While more severe forms of autistic-spectrum disorder require specialized care, many children and teens with Asperger’s disorder find themselves in mainstream settings and/or more broad-based treatment programs. This approach can increase the young person’s access to normalized social situations in which they can learn better social skills experientially through contact with a more diverse peer population. But mixing an Asperger’s population with other populations, particularly an emotionally or behaviorally disordered population, requires a thoughtful and educated approach from treatment staff. That’s because while these populations may exhibit similar behaviors and may respond well to high levels of structure and consistency, the source of their problem behaviors is often different.
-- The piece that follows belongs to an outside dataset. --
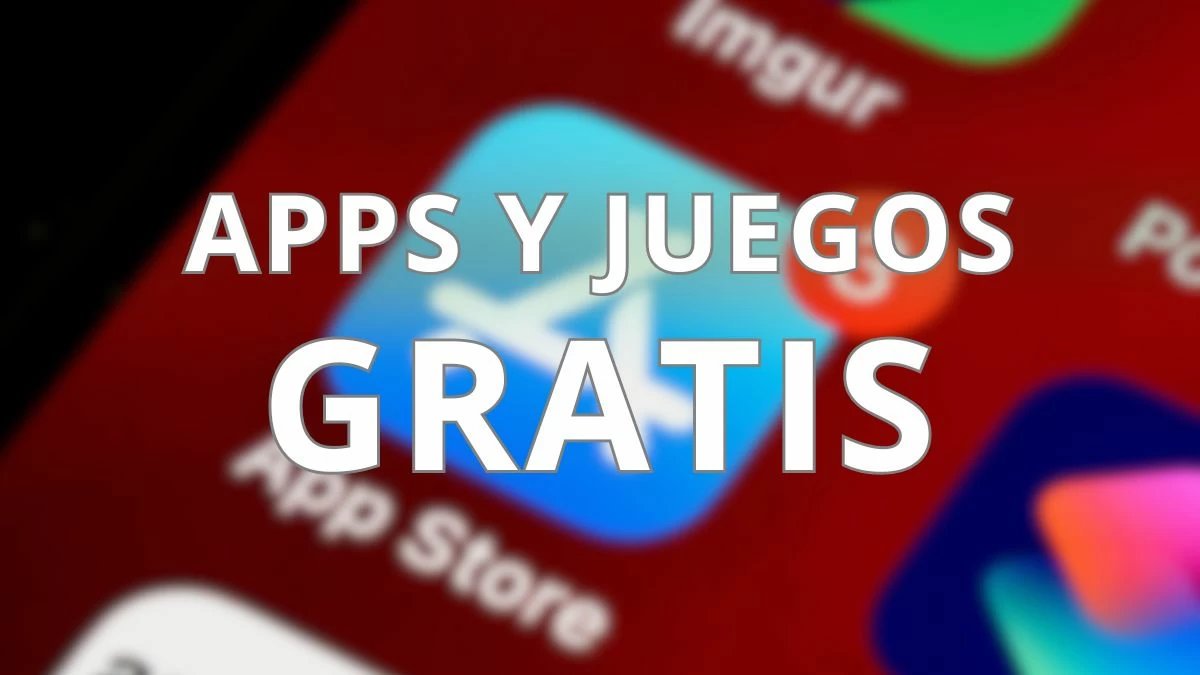 46 apps y juegos en oferta: descarga estas apps gratis en iPhone por tiempo limitado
As a broad example, some apparently defiant behaviors exhibited by children or teens with Asperger’s disorder are more the result of a failure to understand and interpret external data—such as facial expressions or tone of voice—than of willful defiance. Because they fail to detect or misinterpret social cues, they may respond to adult instruction in a manner that seems (but may not be) willfully defiant. A child with an oppositional disorder, on the other hand, may accurately interpret social cues and instructions but consciously choose not to comply. Because the source and motive for many apparently similar behaviors is different in these populations, the teaching of new behaviors should also be different. In the case of a young person with ASD, this is more likely to take the form of concrete skill building than behavioral consequences. Some children and teens with ASD also have a co-occurring behavioral disorder, further complicating treatment and requiring a combination of ASD, psychotherapeutic and behaviorally oriented approaches.
When selecting a treatment option for child or teen with ASD, then, it is critical to ensure that the treatment team has experience, training and success working with this disorder. The National Institute of Mental Health suggests a list of questions parents can ask when planning for their child:
- How successful has the program been for other children?
- How many children have gone on to placement in a regular school and how have they performed?
- Will my child be given tasks and rewards that are personally motivating?
- Is the environment designed to minimize distractions?
- Will the program prepare me to continue the therapy at home?
- What is the cost, time commitment, and location of the program?
- Do staff members have training and experience in working with children and adolescents with autism?
- How are activities planned and organized?
- Are there predictable daily schedules and routines?
- How much individual attention will my child receive?
- How is progress measured? Will my child’s behavior be closely observed and recorded?